De teloorgang van het voetbalstadion op Rocourt doet Gaëtan Simon, als ex-fan van Club Luik, pijn. “Op Rocourt staat nu de bioscoop van Kinepolis, maar ik kan het niet opbrengen om daar naar een film te gaan kijken.”

Simon is politieagent van beroep. “Ik had een graduaat in boekhouding behaald en vroeg me af of het wel zin had verder te studeren. Ik zag hoeveel van mijn schoolvrienden in de werkloosheid tuimelden en zich moesten vergenoegen met een korte, slecht betaalde stage. Mijn vader en mijn broer waren officier bij de rijkswacht. Ik solliciteerde in die branche en werd ingelijfd bij de speciale interventiebrigade van Seraing. Ik word opgeroepen voor verkeersongevallen, geweldplegingen, inbraken, diefstallen. Ongeveer vijf keer per maand heb ik nachtdienst. Dat stoort me niet, integendeel. Ik houd van het nachtleven. De mensen zijn dan niet meer dezelfde. Dikwijls moeten we mensen oppikken die ronddolen langs de straten. Dronken mensen ook, die voor herrie zorgen in cafés en met wie je geen zinnig gesprek meer kan aanknopen. Ik kan daar veel verhalen over vertellen : sommige grappig, andere minder. Ik herinner me een nacht van zaterdag op zondag. Ik kwam net terug van een voetbalwedstrijd, waarin ik als vierde scheidsrechter had opgetreden. Die nacht werd ik ter hulp geroepen bij een incident : een man bij wie de stoppen waren doorgeslagen. Toen die man me zag, riep hij uit : ‘Maar ik heb u daarnet op televisie gezien tijdens Match 1.’ Hij was op slag gekalmeerd. Zo zie je dat voetbal in alle omstandigheden kan helpen.”

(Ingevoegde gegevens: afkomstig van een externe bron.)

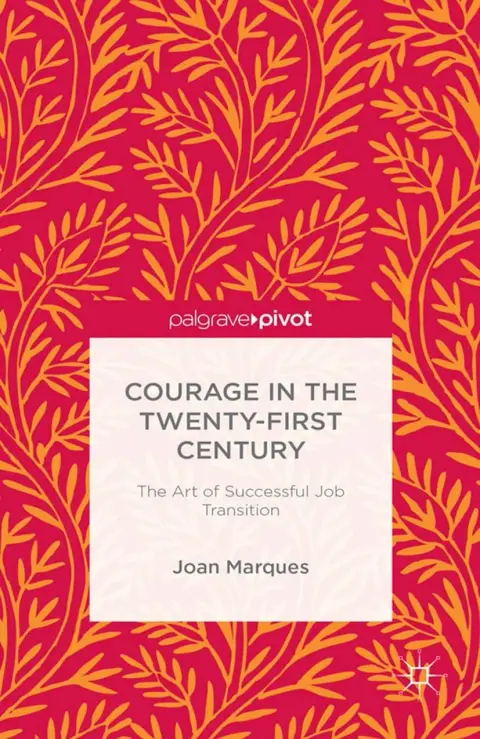 Cover of Courage in the Twenty-First Century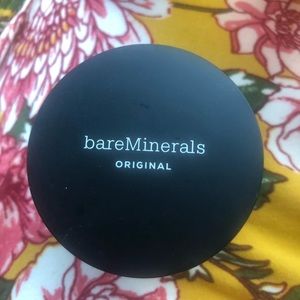 NWT Bare Minerals Original Foundation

Maar Gaëtan Simon maakt beroepshalve ook pijnlijke momenten mee. Verkeersongevallen, bijvoorbeeld. “Zijn de slachtoffers volwassenen, dan gaat het nog. Maar als er kinderen bij betrokken raken, word ik week. Ik heb eens een kindje van twee, drie jaar dood gevonden bij een verkeersongeval. Terug thuis kon ik niet slapen. Ik ben nog uren beneden blijven zitten.”

Een riskant beroep, ook. “Ik werd ooit bedreigd met een vuurwapen. Dan moet je vooral je zenuwen onder bedwang houden. Ook toen verkeerde ik achteraf in shock en kon ik de volgende nacht de slaap niet vatten.”